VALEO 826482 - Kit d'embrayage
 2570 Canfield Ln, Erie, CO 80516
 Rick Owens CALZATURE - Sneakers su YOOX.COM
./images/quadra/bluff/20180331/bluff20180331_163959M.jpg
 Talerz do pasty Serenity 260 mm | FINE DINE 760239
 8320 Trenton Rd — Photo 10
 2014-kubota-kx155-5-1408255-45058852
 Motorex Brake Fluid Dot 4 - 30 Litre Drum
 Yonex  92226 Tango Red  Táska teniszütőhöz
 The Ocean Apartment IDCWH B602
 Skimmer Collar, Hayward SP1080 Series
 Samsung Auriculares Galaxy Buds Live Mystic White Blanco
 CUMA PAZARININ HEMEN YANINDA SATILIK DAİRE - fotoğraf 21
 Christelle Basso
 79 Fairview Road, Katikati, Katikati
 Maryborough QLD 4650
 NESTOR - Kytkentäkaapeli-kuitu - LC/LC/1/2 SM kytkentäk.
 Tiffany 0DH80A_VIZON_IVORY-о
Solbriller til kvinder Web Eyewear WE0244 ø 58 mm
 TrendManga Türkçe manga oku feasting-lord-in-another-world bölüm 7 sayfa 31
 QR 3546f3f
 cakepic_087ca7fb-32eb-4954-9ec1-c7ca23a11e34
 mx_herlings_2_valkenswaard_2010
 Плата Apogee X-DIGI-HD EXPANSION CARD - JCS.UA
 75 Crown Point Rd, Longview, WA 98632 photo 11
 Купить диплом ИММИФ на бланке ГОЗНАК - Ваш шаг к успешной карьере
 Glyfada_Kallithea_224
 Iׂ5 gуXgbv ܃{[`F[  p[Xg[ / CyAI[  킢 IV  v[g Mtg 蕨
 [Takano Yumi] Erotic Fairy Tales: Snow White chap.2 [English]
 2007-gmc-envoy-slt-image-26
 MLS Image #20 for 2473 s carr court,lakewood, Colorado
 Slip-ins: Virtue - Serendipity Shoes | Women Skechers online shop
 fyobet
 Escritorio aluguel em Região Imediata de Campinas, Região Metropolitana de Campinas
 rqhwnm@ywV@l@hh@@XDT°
___
• [Task brief] Repeat exactly, and only, the run of lines from the start of the material above through the line that holds "79 Fairview Road, Katikati, Katikati".

• [Answer to this task]
VALEO 826482 - Kit d'embrayage
 2570 Canfield Ln, Erie, CO 80516
 Rick Owens CALZATURE - Sneakers su YOOX.COM
./images/quadra/bluff/20180331/bluff20180331_163959M.jpg
 Talerz do pasty Serenity 260 mm | FINE DINE 760239
 8320 Trenton Rd — Photo 10
 2014-kubota-kx155-5-1408255-45058852
 Motorex Brake Fluid Dot 4 - 30 Litre Drum
 Yonex  92226 Tango Red  Táska teniszütőhöz
 The Ocean Apartment IDCWH B602
 Skimmer Collar, Hayward SP1080 Series
 Samsung Auriculares Galaxy Buds Live Mystic White Blanco
 CUMA PAZARININ HEMEN YANINDA SATILIK DAİRE - fotoğraf 21
 Christelle Basso
 79 Fairview Road, Katikati, Katikati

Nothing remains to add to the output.